Gut 3000 Pfeifen füllen die Kirche mit Tönen. Wobei: Teilweise erreichen sie Höhen, die für das menschliche Ohr nicht mehr wahrnehmbar sind. Am Spieltisch kann der Organist 56 Register, also Klangfarben anwählen und auf vier Manualen spielen. So bildet die Orgel ein ganzes Orchester ab. Nicht zuletzt deshalb wird sie als „Königin der Instrumente“ bezeichnet.
Eine Besonderheit der Orgel fällt den Kirchenbesuchern sofort ins Auge, wenn sie von unten hinaufschauen: Vorne auf der Orgel sitzt ein Stern. „Das ist ein Zimbelstern“, erklärt Stevens und betätigt einen Schalter. Der Stern beginnt sich zu drehen und es erklingt ein Glockenspiel. Stevens öffnet eine weitere Klappe und zeigt die Glöckchen, die der Stern anschlägt. Der Stern ist eine Stiftung einer Familie, er erklingt meist zu Weihnachten.
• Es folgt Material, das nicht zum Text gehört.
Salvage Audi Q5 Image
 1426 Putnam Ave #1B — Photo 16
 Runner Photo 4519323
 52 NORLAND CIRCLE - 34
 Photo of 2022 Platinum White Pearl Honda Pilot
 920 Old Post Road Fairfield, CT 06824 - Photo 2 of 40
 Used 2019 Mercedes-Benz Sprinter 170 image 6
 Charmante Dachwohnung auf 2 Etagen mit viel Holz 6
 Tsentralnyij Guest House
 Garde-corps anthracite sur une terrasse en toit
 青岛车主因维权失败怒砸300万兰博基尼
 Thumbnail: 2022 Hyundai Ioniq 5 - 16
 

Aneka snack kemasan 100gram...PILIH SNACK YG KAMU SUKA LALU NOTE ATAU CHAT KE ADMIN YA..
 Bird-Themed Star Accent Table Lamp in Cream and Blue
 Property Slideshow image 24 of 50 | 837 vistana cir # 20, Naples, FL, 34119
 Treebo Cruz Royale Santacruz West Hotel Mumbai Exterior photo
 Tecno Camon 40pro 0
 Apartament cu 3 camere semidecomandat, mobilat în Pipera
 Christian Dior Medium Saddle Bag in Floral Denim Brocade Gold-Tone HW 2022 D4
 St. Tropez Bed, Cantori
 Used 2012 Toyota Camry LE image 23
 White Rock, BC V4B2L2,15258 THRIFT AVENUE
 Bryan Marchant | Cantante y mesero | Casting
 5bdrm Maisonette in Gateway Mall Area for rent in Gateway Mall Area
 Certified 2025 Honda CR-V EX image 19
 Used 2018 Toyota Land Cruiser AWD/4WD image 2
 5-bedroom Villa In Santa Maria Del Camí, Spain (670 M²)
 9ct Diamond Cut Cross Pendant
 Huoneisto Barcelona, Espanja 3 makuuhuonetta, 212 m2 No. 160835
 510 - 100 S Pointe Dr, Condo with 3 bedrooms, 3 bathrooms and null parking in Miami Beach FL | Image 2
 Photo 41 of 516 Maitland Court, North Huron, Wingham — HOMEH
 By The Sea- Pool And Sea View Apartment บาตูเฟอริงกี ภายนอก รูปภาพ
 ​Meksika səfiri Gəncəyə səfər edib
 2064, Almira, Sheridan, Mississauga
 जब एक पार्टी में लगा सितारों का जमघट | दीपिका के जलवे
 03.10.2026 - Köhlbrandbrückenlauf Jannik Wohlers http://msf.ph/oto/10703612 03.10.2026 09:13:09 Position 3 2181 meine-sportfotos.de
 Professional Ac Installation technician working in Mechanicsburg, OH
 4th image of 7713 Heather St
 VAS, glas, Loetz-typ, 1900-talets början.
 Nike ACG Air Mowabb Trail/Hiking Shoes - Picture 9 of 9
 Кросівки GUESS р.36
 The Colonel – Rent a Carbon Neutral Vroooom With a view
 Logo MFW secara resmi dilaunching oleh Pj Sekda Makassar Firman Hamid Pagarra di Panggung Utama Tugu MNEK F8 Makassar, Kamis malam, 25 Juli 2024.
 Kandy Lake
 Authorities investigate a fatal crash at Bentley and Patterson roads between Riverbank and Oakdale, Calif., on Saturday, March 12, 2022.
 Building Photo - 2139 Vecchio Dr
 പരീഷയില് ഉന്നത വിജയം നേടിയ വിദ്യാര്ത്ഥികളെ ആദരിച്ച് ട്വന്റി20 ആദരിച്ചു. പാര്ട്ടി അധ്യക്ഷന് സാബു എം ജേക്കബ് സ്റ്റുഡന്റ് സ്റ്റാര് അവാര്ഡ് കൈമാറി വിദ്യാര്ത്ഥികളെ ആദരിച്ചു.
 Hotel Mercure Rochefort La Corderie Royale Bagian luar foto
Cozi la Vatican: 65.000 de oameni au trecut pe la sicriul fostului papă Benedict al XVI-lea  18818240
Überhaupt habe die Gemeinde den Bau der Orgel erst möglich gemacht. Rund 900 000 Mark habe sie durch verschiedene Aktionen aufgebracht, darunter auch einige skurrile. „Der damalige Kaplan hat sich gegen Geld den Bart abnehmen lassen“, erinnert sich Stevens. Auch hinter den Kulissen gab es Aufregung. Denn mit Rensch aus Laufen war ein evangelischer Orgelbauer beauftragt worden – in einer katholischen Kirche. „Es gab katholische Mitbewerber, die waren wirklich verärgert“, erinnert sich Stevens.
Die Fertigstellung der Herz-Jesu-Orgel kann auch als Geburtsstunde des Festivals Orgel Plus gelten, das inzwischen weit über die Stadt hinaus bekannt ist. Aus einer Orgelwoche zur Weihe ging es hervor. Und immer noch ist die große Rensch-Orgel Markenzeichen und Aushängeschild. Stevens: „Viele Organisten, die zum Festival kommen, wollen am liebsten hier spielen.“
Am 1. Januar beginnt das 29. Festival, am 2. Januar findet das erste Konzert in Herz Jesu statt. Doch vorher wird die Orgel in den Weihnachtsgottesdiensten brausen – und dann wird natürlich auch wieder der Zimbelstern erklingen.